05:53Là, pour le coup, ça va dépendre d'un micro-processeur fabriqué à Taïwan.
05:56Donc des choses plutôt fragiles, qui vont dépendre de choses très distantes,
06:00où il peut y avoir des problèmes.
06:02Donc ça, c'est très bien qu'il y en ait pour des soins très particuliers de pointe.
06:08Dans le monde de 2040, il y aura des maisons de santé avec des outils simples.
06:14Low-tech, y compris dans l'hôpital, dans la maison de santé locale.
06:18En fait, c'est assez étonnant de voir que dans le monde médical,
06:20il n'y a pas encore une intersection forte entre toutes les solutions écolo,
06:25les circuits courts, les low-tech, le participatif.
06:27Tout ça, c'est un peu sorti du monde médical.
06:29C'est plutôt un monde très performant et avec des bonnes raisons.
06:32Parce qu'il faut être performant quand quelqu'un est malade ou qui sait couper le bras.
06:35Il faut être très rapide, efficace, efficient.
06:38Donc là, ça se comprend très bien.
06:39Le problème, c'est quand c'est tout l'hôpital qui est comme ça.

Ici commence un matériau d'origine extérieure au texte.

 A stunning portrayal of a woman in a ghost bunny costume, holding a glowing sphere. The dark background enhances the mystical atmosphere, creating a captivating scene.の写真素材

06:42Parce que ça, c'est tout un hôpital qui part en burn-out, littéralement.
06:45Et donc, du coup, si on commence à avoir des problèmes de numerus clausus,
06:48en 2040, on aura des vrais problèmes de numerus clausus.

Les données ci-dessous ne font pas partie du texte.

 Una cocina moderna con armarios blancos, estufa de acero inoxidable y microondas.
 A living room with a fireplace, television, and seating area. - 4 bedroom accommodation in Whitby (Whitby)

06:51Ça veut dire qu'il va falloir qu'il y ait des citoyens lambda
06:54qui participent aux soins dans l'hôpital.
06:57Et donc, ça veut dire qu'il faut qu'il y ait des équipements
06:58qui soient faciles à opérer.
07:01Et donc, du low-tech, c'est pas seulement pour des tas de choses de la vie courante,
07:04c'est aussi pour les soins, pour quelque chose qui est vital.

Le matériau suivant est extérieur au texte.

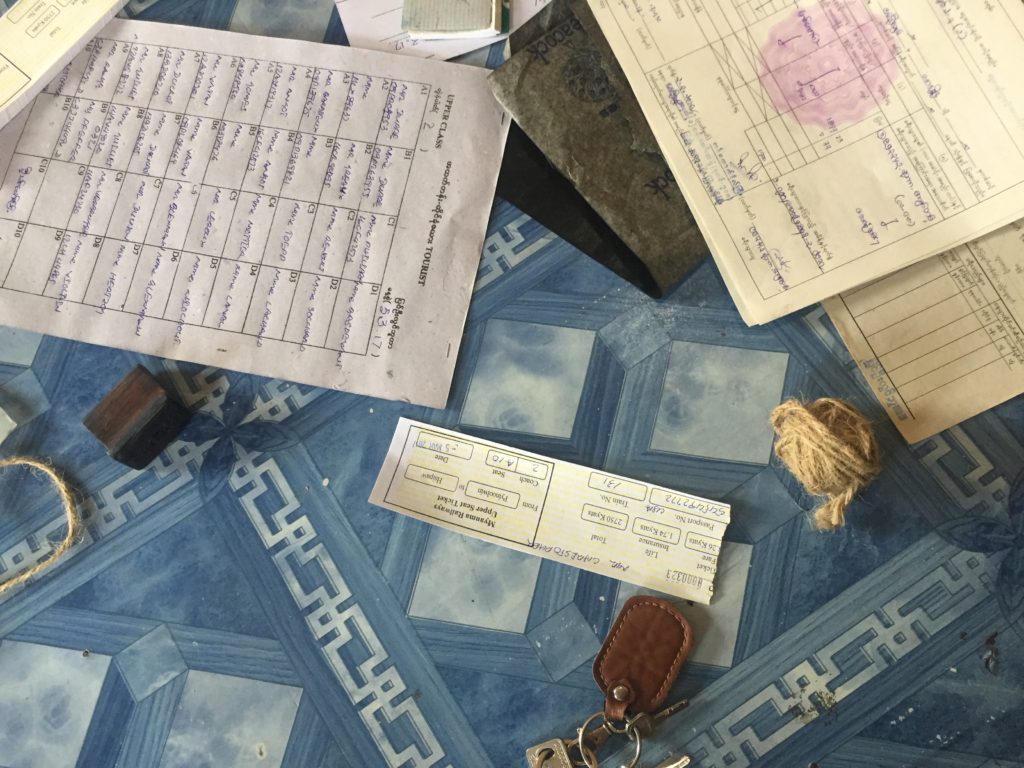 Overhead picture of train tickets and ticket list as staff writes out tickets for the following day's trip across the Goteik Viaduct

07:07Donc, le low-tech, ça va aussi servir au monde de l'agriculture,
07:10pour l'alimentation.
07:11Donc, en fait, c'est des choses où on sait qu'on peut trouver un remplaçant.
07:14C'est des objets où quelqu'un d'autre peut faire tourner la machine,
07:18quelqu'un d'autre peut le réparer,
07:19quelqu'un d'autre peut ajouter des fonctions.
07:21Donc, ça, c'est très joyeux pour des ingénieurs, d'ailleurs,
07:23parce que ça, c'est des vrais champs de réflexion assez réjouissants, finalement.
07:27Mais c'est une autre façon de voir les choses.
07:29C'est-à-dire qu'on n'est plus dans la technocratie distante,
07:32où le citoyen n'est qu'un consommateur de cette technocratie distante,
07:35c'est un co-acteur.
07:37Il contribue, il co-construit les technologies avec l'ingénieur,
07:42ou les ingénieurs qui sont dans le territoire.
07:45Donc, c'est plus joyeux pour moi, en tout cas.